お年頃のスバルの気持ち

スバルは特別支援学級の中では先生に「ぼくはこれが苦手なのでこの便利グッズを使っていいですか」と聞いたり、クラスメイトに「一人だとできないから手伝って」と言い、工夫したり人や道具を頼りながらゴールを目指すことができます。しかし交流学級など特別支援学級の外に出ると「みんなと同じでいないといけない」という気持ちが強く出てしまい、人を頼ることができません。

さらに高学年になると、お年頃なのか「スバルくんは不器用だから、これが苦手だからできない」と人に思われるより、たとえ注意されたとしても「真面目に取り組んでないからできない」と思われるほうが良いと言う思いが出てきました。

以前、交流学級でのダンス練習でスバルに対して「真面目に踊ってよ」と怒っていた子が、スバルの意志ではどうにもできないほどの不器用さを察し優しく教えてくれるようになったことがありました。

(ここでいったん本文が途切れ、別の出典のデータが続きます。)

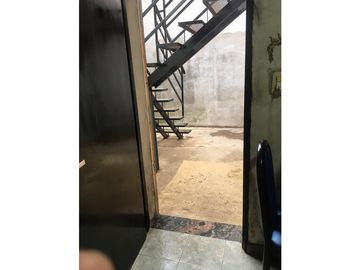 Espectacular casa multifamiliar-Lote propio 8,66x20 Mts.3 casas en 2 plantas-entrada independiente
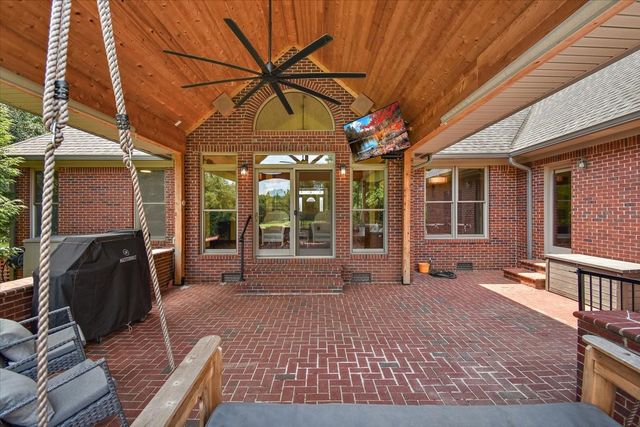 2309 Allen Ferry Rd, Smithville, TN 37166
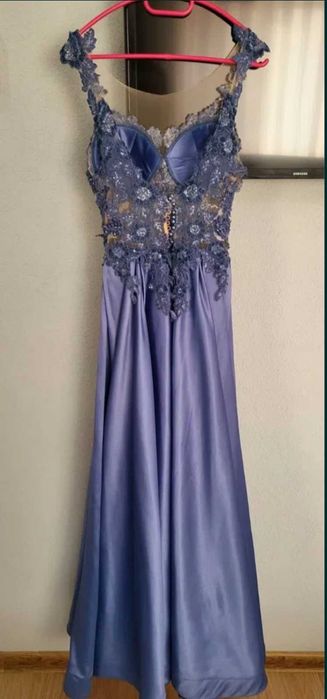 Бална/официална сатенена рокля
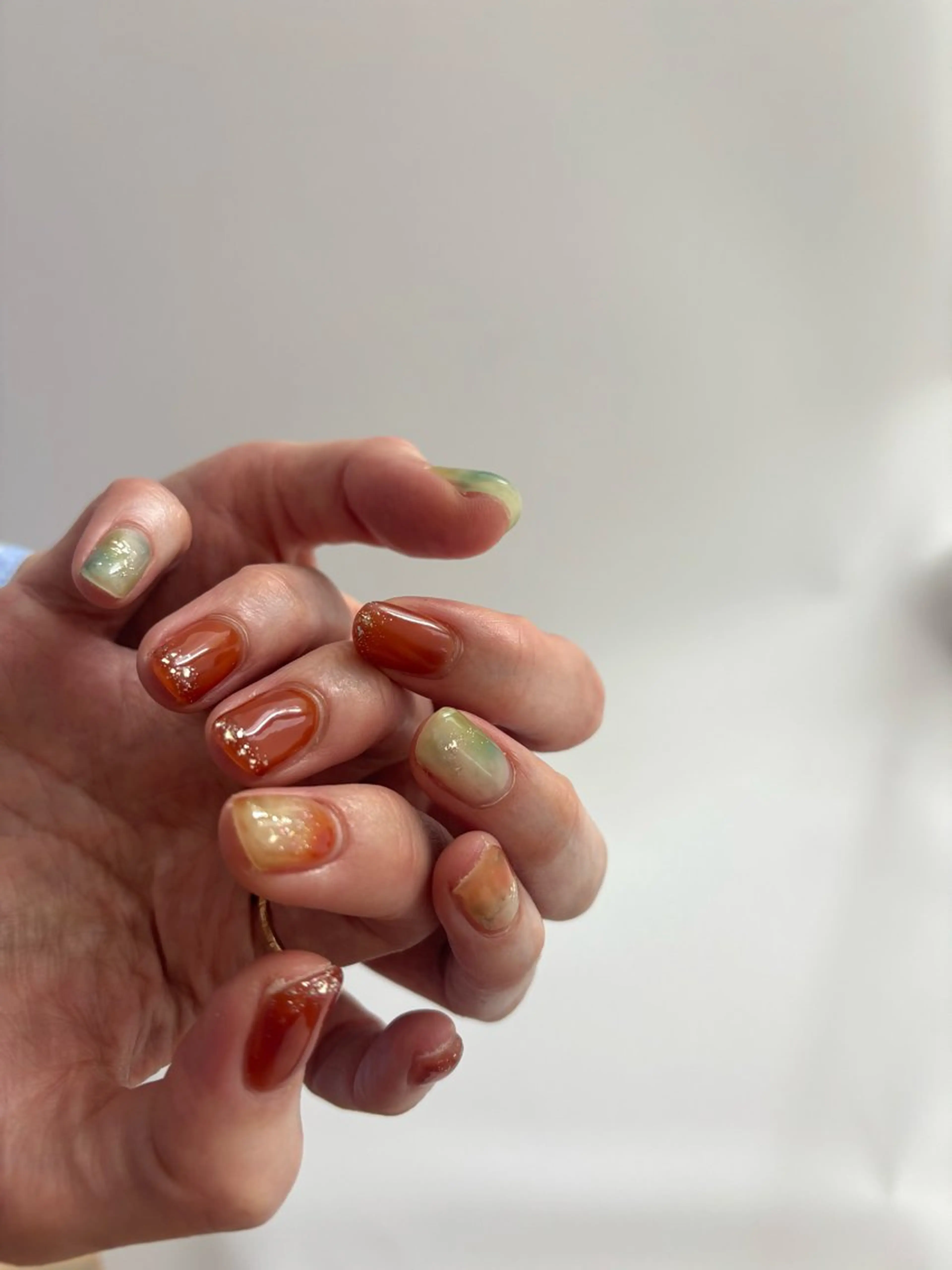 ネイル ブラウン グリーン ハンドネイル Elio 国泰寺のネイルデザイン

私や先生は「よかった」と思ったのですが、スバルは「特別に優しくしてあげないといけない子になったみたいでつらい。みんなと同じように怒られているほうが良かった」と言いました。

親としては「優しくしてくれたほうがいいじゃん!」と思うのですが、10歳の頃の私なら……と考えるとスバルの気持ちも少し分かるのです。先生から委員長にこっそり事情を伝えてもらうこともできますが、スバルがそれを望んでいないので、それは最終手段にして急ピッチでリボン結びのマスターを目指すことにしました。

リボン結びの練習からさらに数か月後……

練習を重ね、ビニール紐でノートサイズのものを十字に縛ってからのリボン結びは、少し緩いものの8割成功するようになりました。
しかしダンボールサイズになるとなかなか成功しません。一部私が手伝うとできるようになりましたが、全部一人で完成させるのは難しそうでした。

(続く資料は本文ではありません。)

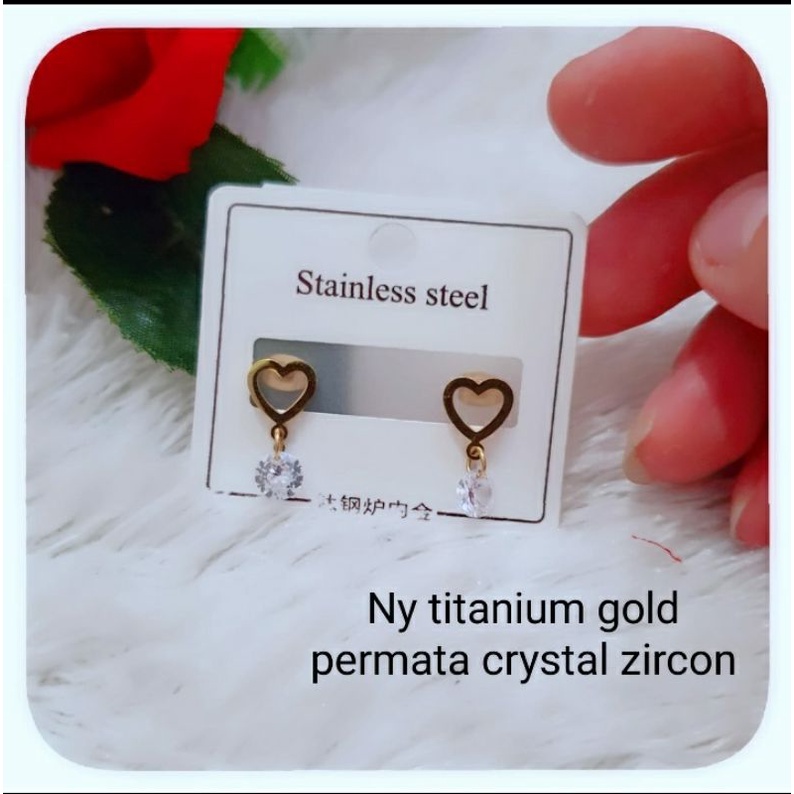 Anting love Titanium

私は「諦めたわけじゃないよ?諦めたわけじゃないけど、友だちに『手伝って』って言ったほうが早くない?」とスバルに言いましたが、スバルは渋い顔をして「だってみんな1人でできるから……」と言いました。

何か月も練習してきて思ったのですが、複数枚のダンボールを十字に縛ってリボン結びしてリサイクルボックスまで運んでも崩れないように仕上げることって一般的に難易度が高いです。もちろん1人でできる子もいると思いますが、発達性協調運動症(DCD)の有無は関係なくスバル以外の全員が1人で完成させているとは思えない難しさだと思いました。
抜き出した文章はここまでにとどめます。